Several of the charities that were not awarded contracts had run similar services under the scheme's predecessor, the New Deal for Disabled People. Contract losses have left them with more staff than posts to fill. The problem could result in scores of job losses.
More than 70 jobs are vulnerable at employment charity Scout Enterprises, which did not win any Pathways to Work contracts. Alan Pepler, the charity's south west regional business manager, said the organisation was considering its next move.
"We have 270 staff at the moment," he said. "We certainly expect that to be down to less than 200."
The Shaw Trust won two contracts in the first round of contracts, but missed out in several areas where it currently runs New Deal for Disabled People services, including London.
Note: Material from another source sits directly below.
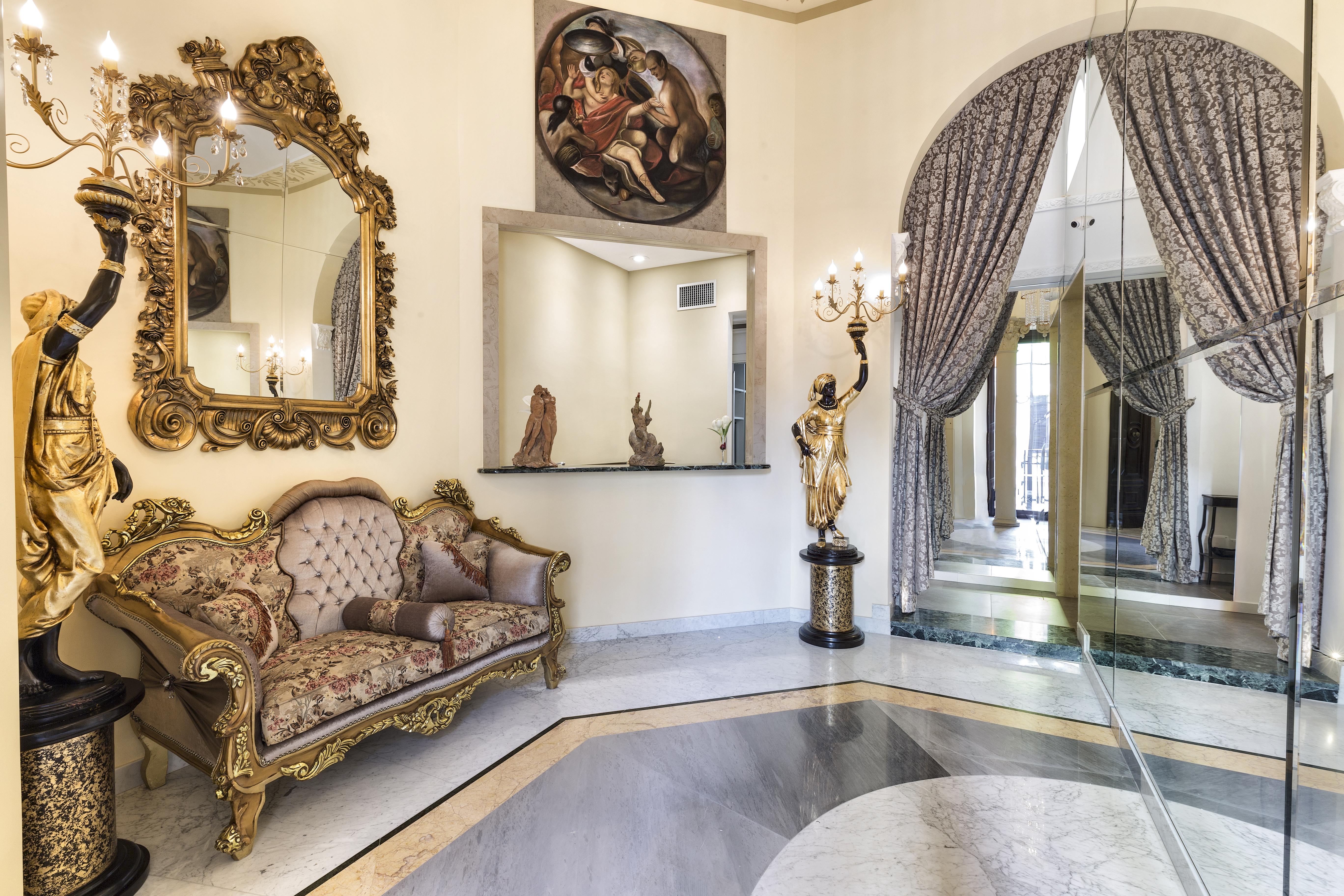 Hotel Art Galleria Umberto Naples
Catherine A'Bear, chief corporate affairs officer at the trust, said redundancies at the charity could be significant. "I don't think it will go into three figures but it will be a hefty figure," she said.
Charities are also facing a fight over whether current New Deal for Disabled People staff will be able to transfer to organisations awarded contracts.
WorkDirections UK, which won six of the 16 contracts awarded in the first contracting phase, argued that Tupe rules, which govern transfers of staff between organisations, should not apply. If this were the case, staff would not be able to transfer.
A'Bear said she was disappointed that the DWP had not provided more direction on the Tupe position.
A DWP spokesman said: "It was made clear throughout the procurement process that providers needed to seek their own independent legal advice on Tupe."
The first round of contracts was announced last month (Third Sector Online, 25 September). The second round is still under negotiation, but only two charities - the Shaw Trust and Royal British Legion Industries - have been awarded 'preferred bidder' status.